Summary of this case from Western United Life Assurance Company v. HaydenOpinion
May 2, 1988.
June 30, 1988.
Present: HENNESSEY, C.J., WILKINS, NOLAN, LYNCH, JJ.
Trust, Spendthrift provisions, Distribution.
A beneficiary of two testamentary trusts validly assigned her share of the trusts to a bank when she created two inter vivos trusts naming the bank as trustee and, accordingly, the bank was entitled to the distribution of the beneficiary's share in the testamentary trusts to administer in accordance with the terms of the inter vivos trusts where, although language in the will creating the testamentary trusts provided evidence of the settlor's intent to protect the trust income and principal from invasion by creditors of her beneficiaries, it provided no evidence that she intended to prohibit her beneficiaries from voluntarily assigning their interests in the testamentary trusts. [708-710]
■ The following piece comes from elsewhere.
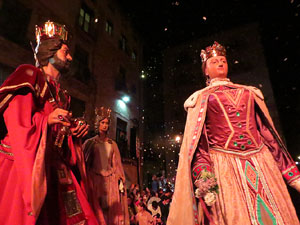 Fires de Sant Narc&iacute;s 2021. Ball de l'&agrave;liga, capgrossos i gegants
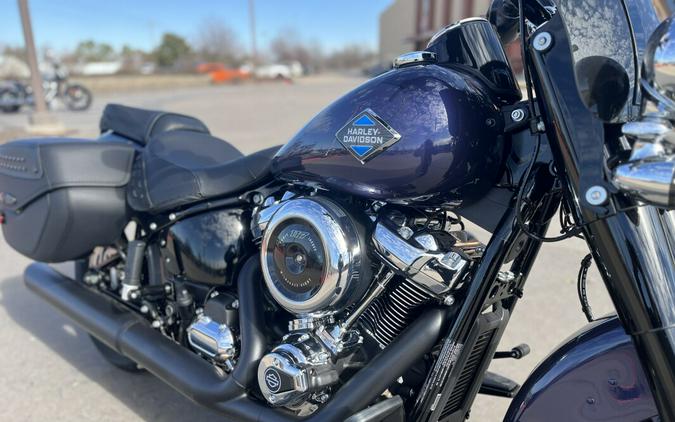 2026 Harley-Davidson® FLHC Heritage Classic, Purple Abyss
COMPLAINT for instructions filed in the Suffolk Division of the Probate and Family Court Department on May 1, 1986.
The case was heard by Mary Beatty Muse, J., on a statement of agreed facts and was reported by her to the Appeals Court. The Supreme Judicial Court granted a request for direct review.
Nonnie S. Burns ( Daniel T. Heffernan with him) for the defendant.
Thomas H. Hannigan, Jr. ( Edward J. Joyce with him) for Security Pacific National Bank.
John S. Tuohy, for Bank of New England, was present but did not argue.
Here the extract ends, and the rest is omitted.